On the horizon for Miami Dade College’s EIG-Watson Aviation School is a set of credit and non-credit courses on the subject of drones and their proper operation.
Aviation School Director Thomas Jargiello and Aviation Program Manager Andres de Avila say there is a high chance of students actually being able to fly the drones.
“I think the technology and the utilization of drones is growing literally every day,” Jargiello said. “There’s just a massive number of uses of drones that are being considered and being put into place.”
Keeping up with the times, the College’s Aviation School at MDC’s Homestead Campus aims to be at the helm of technological developments by making drone education available to the public.

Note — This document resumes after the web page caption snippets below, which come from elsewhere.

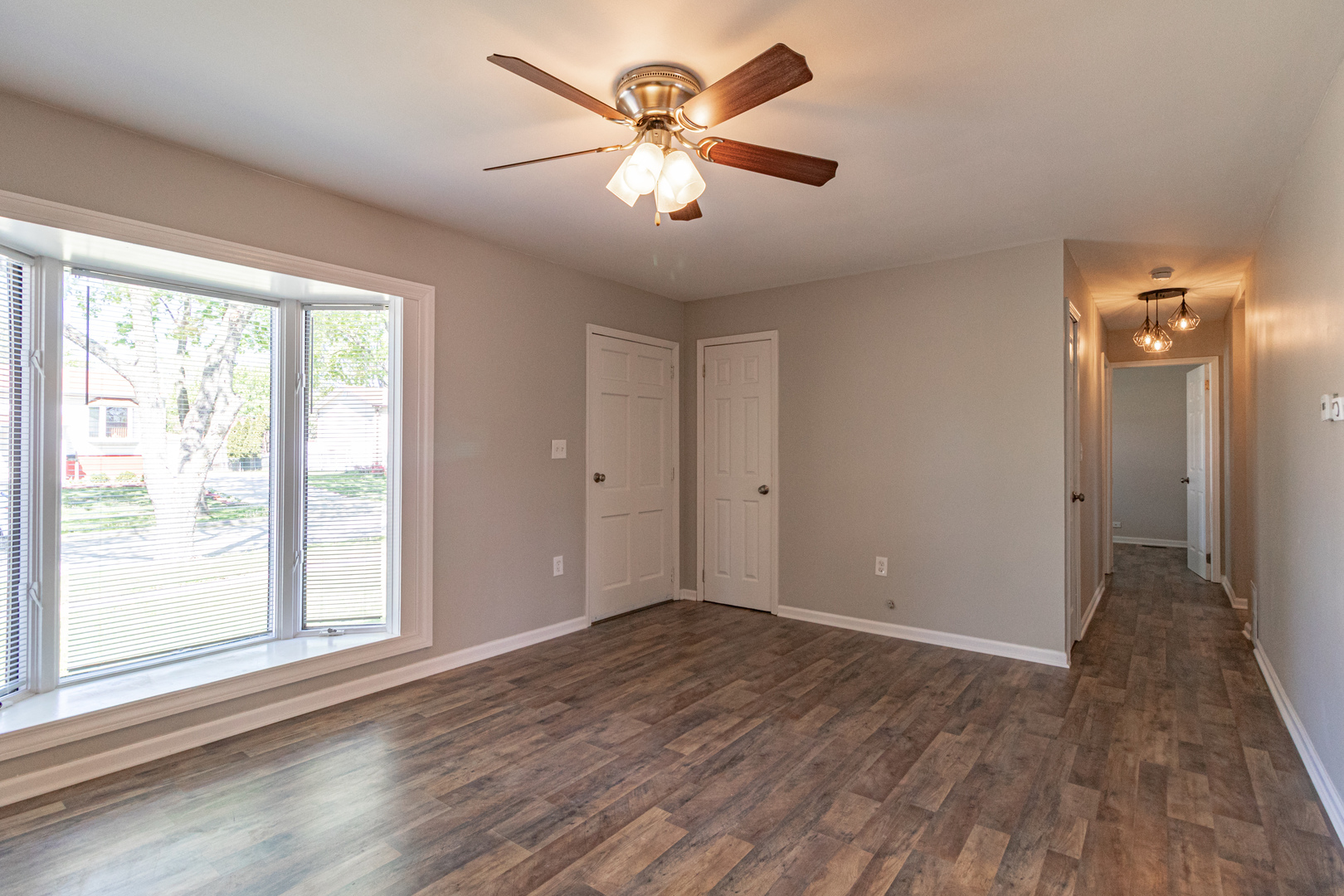 213 Seton Place Streamwood, IL 60107 - Photo 5 of 19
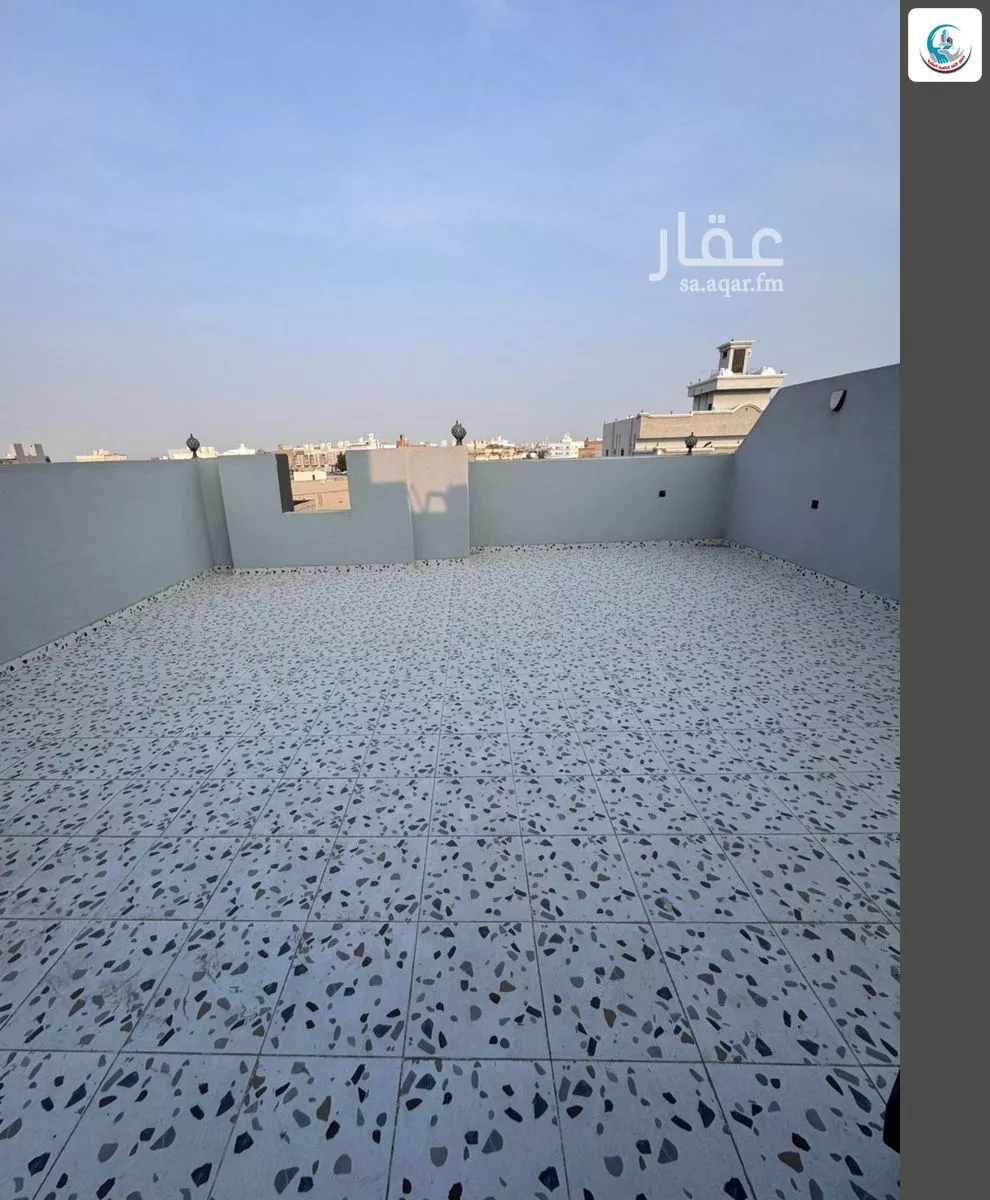 8 bedroom villa in Al Khumrah 16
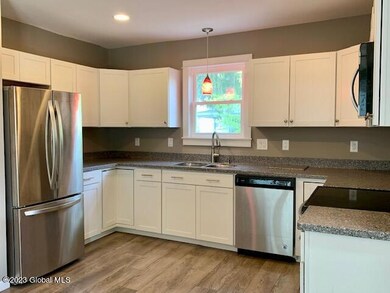 23 Leonard St, Glens Falls, NY 12801 - photo 3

“What we do at the school is that not only do we run the school and the degrees, we also look at the technology in the future,” Jargiello said.
At the moment, the drone program plans are just that—plans.

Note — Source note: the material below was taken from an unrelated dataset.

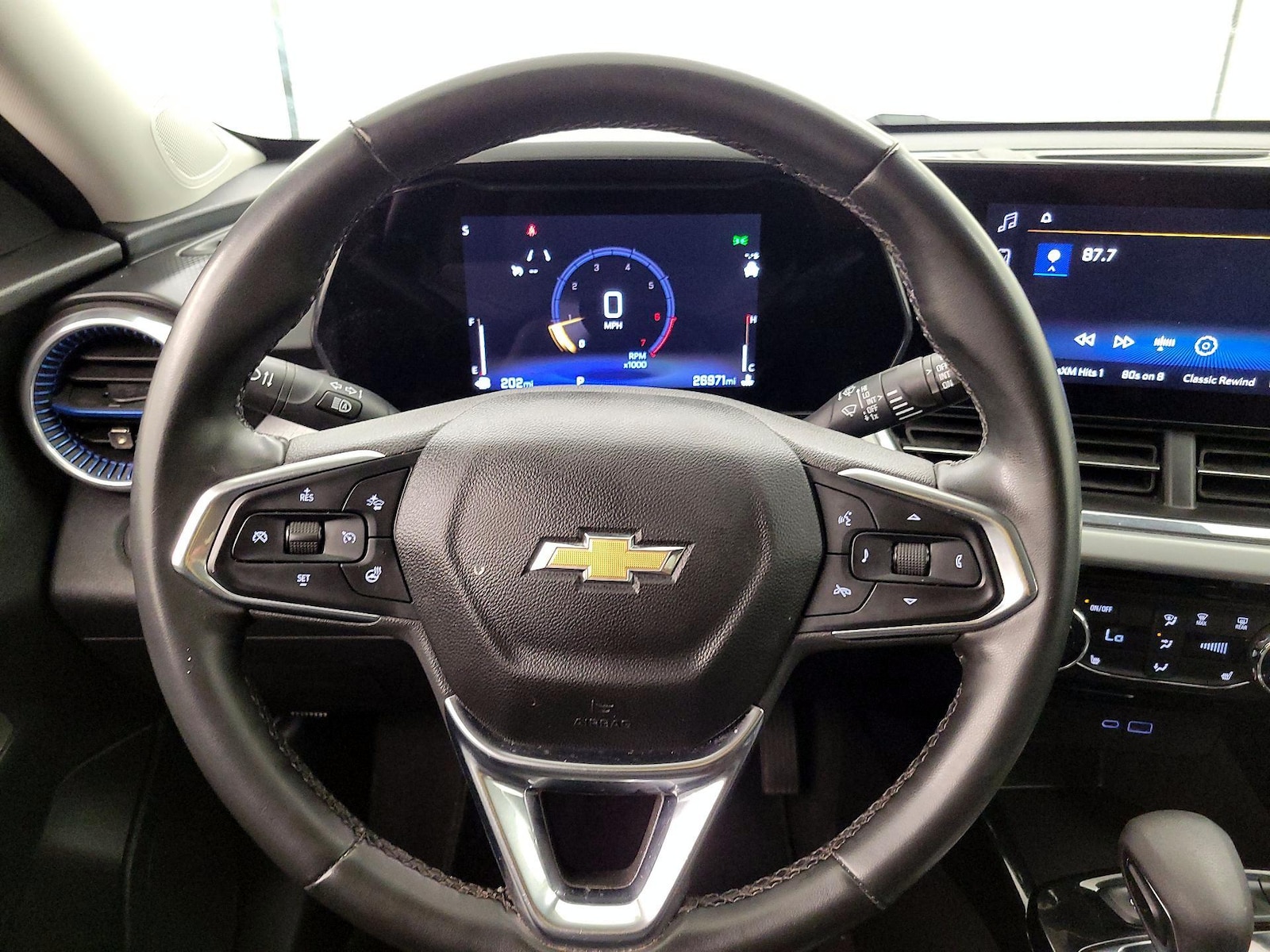 2025 Chevrolet Trax LT - Photo 11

Jargiello explained that the principal setback is securing a required authorization from the Federal Aviation Authorization (FAA) to fly drones on a non-hobby basis. Specifically, the school must earn a Section 333 exemption. According to the FAA website, exemption are given on a case-by-case basis in anticipation of the Small Unmanned Aircraft Systems Rule which will be the conduit for future authorizations of UAS operations.
Already, the College has been able to secure a substantial amount of support equipment and simulators for the drone courses through federal educational equipment grants.
Once underway, the drone program courses will address topics including drone technology, regulation, commercial utilization through classroom lectures, videos and use of a training drone with camera capabilities.
The non-credit courses are slated to begin this summer through a six-week session. Eighteen college credits spread across six courses are also in the works for future semesters, with no special requirements set for students to register.
The plans for the emerging drone program were conceived about a year ago, when Jargiello and his staff looked into similar programs and courses being offered in other parts of the country.
A September 2014 Slate.com article originally published in Business Insider reports that drones already form a $13.1 billion global industry and that the first bachelor’s program in unmanned aircraft systems (UAS) was offered by the University of North Dakota in 2009. Thirty universities currently offer UAS programs, with community colleges offering two-year programs.
The plans are indirectly supported by Miami-Dade County District 11 Commissioner Juan C. Zapata, who was recently part of a unanimous vote to designate the Miami Executive Airport (previously known as the Kendall-Tamiami Airport) as a “West End Innovation District,” according to the Miami Herald. Zapata also mentioned the emerging drone program at MDC.
“ [Zapata’s] work in that area may eventually be very supportive of [the program],” Jargiello said. “His efforts are gonna clearly help us and I think we’re encouraged with his efforts.”